Just out of curiosity, how exactly would philosophy develop in Classical Antiquity if Christianity never came about? For our purposes, let's say Jesus was never born and no equivalent off-shot movement arises that gains the same traction in Judaism.

From my understanding, there was a degree of mutual influence between early Christianity and schools such as (Middle) Platonism (eventually leading to Plotinus and (Neo) Platonism). What concepts would either not arise at all or be very different? Would more Materialist schools such as Stoicism and Epicureanism remain dominant, especially among the Empire's intellectual elite?
 

Maoistic

Banned
Stoicism wasn't materialist in our modern conception. It believes in the soul and in a special abode of Zeus to which the soul goes after death. It's just that Stoics believed that they were material as well, in opposition to the Platonists who believed the soul and the gods were of an immaterial substance. Epicureanism also believed in gods, Lucretius even saying the world was created by the goddess Venus, so it isn't exactly immaterial either.
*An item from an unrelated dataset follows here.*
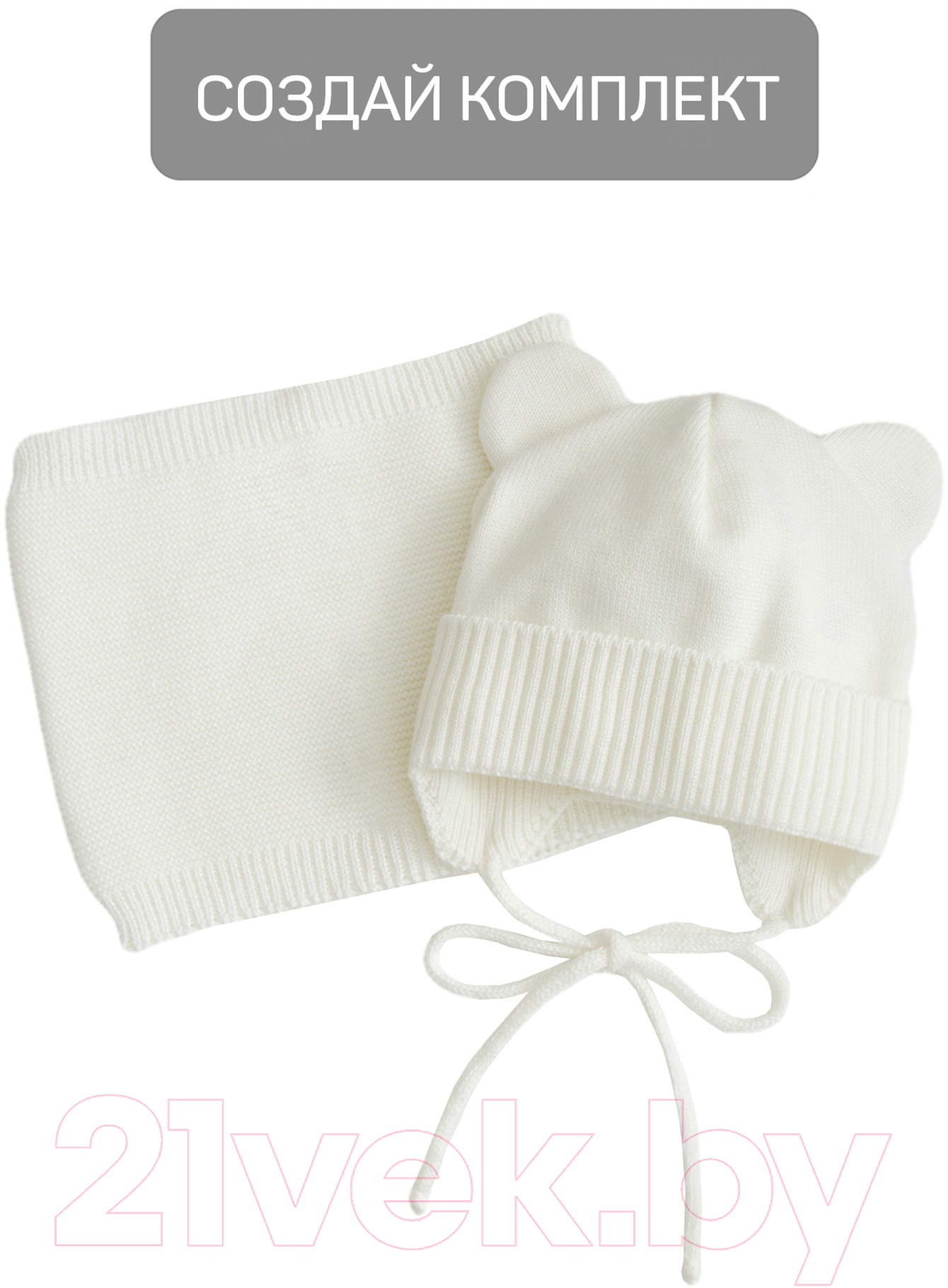 Шапочка для малышей Amarobaby Pure Love Bear / AB-OD21-PLB16/33-44 (молочный, р-р 44-46) — фото 5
If Christianity doesn't exist, Platonism becomes the dominant synthesiser of Greek philosophy as it happened in history. So basically Greek philosophy becomes akin to Christian scholastics.
 
Platonism isn't an organized school of thought or religion. Christianity drew heavily from it, as all the other Gnostic faiths. Its important to say that historians can only speculate about the rise of Christianity in the Roman World, there's no definite answer here, however, it's quite clear that most Gnostic beliefs and Christianity a similar philosophical base. That being said, any form of Gnosticism is the best answer to the op. One interesting choice would be Manicheism, as it would culturally unite the Persian and Roman worlds.